During the recent Republican primaries, I was watching two talking heads arguing about which candidate was best equipped to lead our economy out of the troubles allegedly created by the incompetence of the current administration. One stated, “This country is founded on capitalism – why do you think so many people buy lottery tickets?”

When I heard that, I was reminded of some recent discussions with friends. In recent articles in this paper I have been critical of financial engineering and of the trading in synthetic financial derivatives that contributed greatly to the worldwide economic crisis. Some of my friends who read the column have accused me of Marxist thinking. Perhaps this criticism comes from my friends because they were the only people who read the column, but in case there are other readers out there, I feel obliged to explain why my friends are wrong.

Capitalism encourages the private ownership of means of production and the creation of goods and services for profit. What does that have to do with gambling on synthetic collateralized debt obligations and credit default swaps? What production of goods and services does that activity promote? How many jobs does it create? Conversely, when major financial institutions gambled very large sums on these bets, they led to the loss of production, the loss of jobs, and the loss of almost $11 trillion of household wealth.

Our current financial crisis was not caused by capitalism, but by a distortion of capitalism fed by incompetent government supervision, erosion in business ethics, a deliberate lack of mortgage lending standards, the creation of complex derivative products with no real economic purpose, and dishonest credit rating agencies. The National Commission on the Causes of the Financial and Economic Crisis reviewed millions of documents, interviewed 700 witnesses, and held many public hearings. The Commission concluded that the crisis was avoidable and that the “captains of finance and the public stewards of our financial system ignored warnings and failed to question, understand and manage evolving risks.”
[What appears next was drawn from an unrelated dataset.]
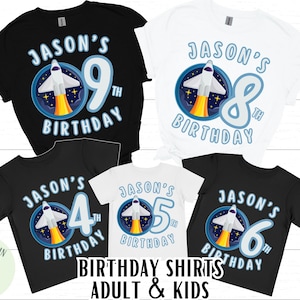 May include: Several black and white t-shirts with a rocket ship design and the text "JASON'S BIRTHDAY". The shirts display the numbers 4, 5, 6, 8, and 9. The words "BIRTHDAY SHIRTS ADULT & KIDS" are also visible.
For more than 30 years, successive administrations of both parties championed deregulation of financial institutions, with Alan Greenspan acting as cheerleader. Between 1999 and 2008, the financial sector reported $2.7 billion in federal lobbying expenses, and individuals and political action committees made campaign contributions of over $1 billion.

The CEO of Citigroup told the commission that he spent less than one percent of his time managing the $40 billion of mortgage securities in his portfolio – until they disappeared. Similarly, AIG’s senior management was ignorant of the terms and risks of $79 billion in credit default swap insurance they had written – until it bankrupted the company. Merrill Lynch’s top management thought their $55 billion of mortgage-backed securities were “super safe” – just before they imploded. Apparently, too big to fail meant too important to bother with trivial details.

In the bad old days, banks would not allow households to borrow beyond their ability to repay. In this financial crisis, people borrowed to the hilt – and so did the banks. By 2007, the five major investment banks were leveraged as high as 40 to 1. It took only a three percent drop in asset values to wipe out a firm. Bear Stearns had $11.8 billion in equity, $383.6 billion in liabilities, and was borrowing as much as $70 billion on the overnight market. Fannie Mae and Freddie Mac had a leverage ratio of 75 to 1.

The banks were not alone. Between 2001 and 2007, household debt rose over 60 percent, while wages were stagnant.

Throughout the summer of 2007, Ben Bernanke and Henry Paulson were assuring us that the turmoil in the subprime mortgage markets would be contained. Days before the collapse of Bear Stearns in March 2008, the SEC chairman said he was comfortable with the capital cushions at the big investment banks. The number of borrowers who defaulted within months of taking a loan doubled from mid 2006 to late 2007. Losses from mortgage fraud alone are estimated at $112 billion between 2005 and 2007. Nearly one quarter of all mortgages made in the first half of 2005 were interest-only loans, and 68 percent of “option ARM” loans originated by Countrywide and Washington Mutual had little or no documentation.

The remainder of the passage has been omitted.